What is this easy Napoleon cake made of?
- Easy Cake base– For this quick and easy Napoleon recipe, you will need just store-bought puff pastry sheets (Pepperidge Farm brand)
- Custard– egg yolks, sugar, flour, milk, vanilla extract, unsalted butter, and thawed cool whip
Napoleon custard
The custard in a Napoleon is creamy, buttery, and sweet – but not too sweet. The mixture of eggs, sugar, and milk give it a smooth, rich texture that works really well with the flakiness of the Napoleon’s pastry layers.

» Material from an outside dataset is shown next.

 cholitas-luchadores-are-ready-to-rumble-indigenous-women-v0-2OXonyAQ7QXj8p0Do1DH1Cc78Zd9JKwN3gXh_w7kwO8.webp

Troubleshooting custard cream
- It’s too thick– If your Napoleon custard has turned out too thick, then thin it out by mixing in some more milk, or even folding in some whipped cream.
- Why did the butter separate? If your custard was too warm when you incorporated the butter, this causes curdling and separation. The best thing to do is quickly cook it when this happens, placing the bowl of Napoleon custard in an ice bath and whisking vigorously until it re-incorporates.

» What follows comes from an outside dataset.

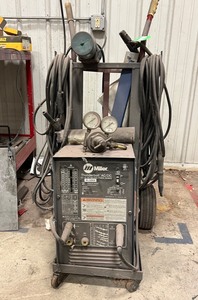 lot 464 image: Miller Stick Welder with Cart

How to make Easy Napoleon Cake
- Make the custard– Beat eggs and sugar in a bowl. Then add flour and milk. Beat just until incorporated. Then slowly pour 3 cups of hot milk into the egg mixture, while stirring quickly.
- Add remaining ingredients to pastry cream– Transfer to the cooktop and continue cooking over low heat until it thickens. Let the napoleon custard cool completely, then add the thawed cool whip and vanilla extract. Beat softened butter separately then fold it into the custard.
- Bake 6 puff pastry sheets– Bake them until they’re golden brown and let them cool. Reserve 1 baked sheet and crumble it up. Layer the cream and cooled pastry sheets, then coat the top and sides with the crumbled one.
What is Napoleon Cake
Napoleon cake is made of flaky, buttery puff pastry layered between sweet vanilla custard. There are many variations of this cake. This recipe happens to be an easy and faster version since the pastry sheets are store-bought.
What to do with leftover egg whites?
Since this easy Napoleon cake calls for egg yolks, you’ll be left with 4 egg whites. You might want to make something as simple as these chocolate meringue cookies. Or maybe take up another baking challenge and make coffee macarons or raspberry macarons?
Does Napoleon cake need to be refrigerated?
Yes, a Napoleon will need to be refrigerated because of the custard. Allow it to sit out for 1-2 hours to allow the custard to absorb a little into the pastry, and then cover with plastic wrap or place in an airtight container and refrigerate.
How long does it keep?
If refrigerated and kept in an airtight container, a Napoleon cake will stay fresh in the refrigerator for 2-3 days. If you choose to freeze it, this will keep it for about a year. Just thaw the Napoleon cake overnight when you are ready to eat it.
Watch how to make Napoleon Cake here:

Easy Napoleon Cake
Ingredients
- 4 egg yolks
- 1 cup granulated sugar
- 4 tbsp all-purpose flour
- 3 1/2 cups milk divided
- 1/2 tsp vanilla extract
- 1/2 cup unsalted butter softened
- 4 oz cool whip thawed
- 3 1lb packages puff pastry (Pepperidge Farm brand)
Instructions
Make the custard on the stovetop
- In a bowl, beat the eggs and sugar using an electric mixer.
- Add the flour to the eggs, then blend in 1/2 cup milk.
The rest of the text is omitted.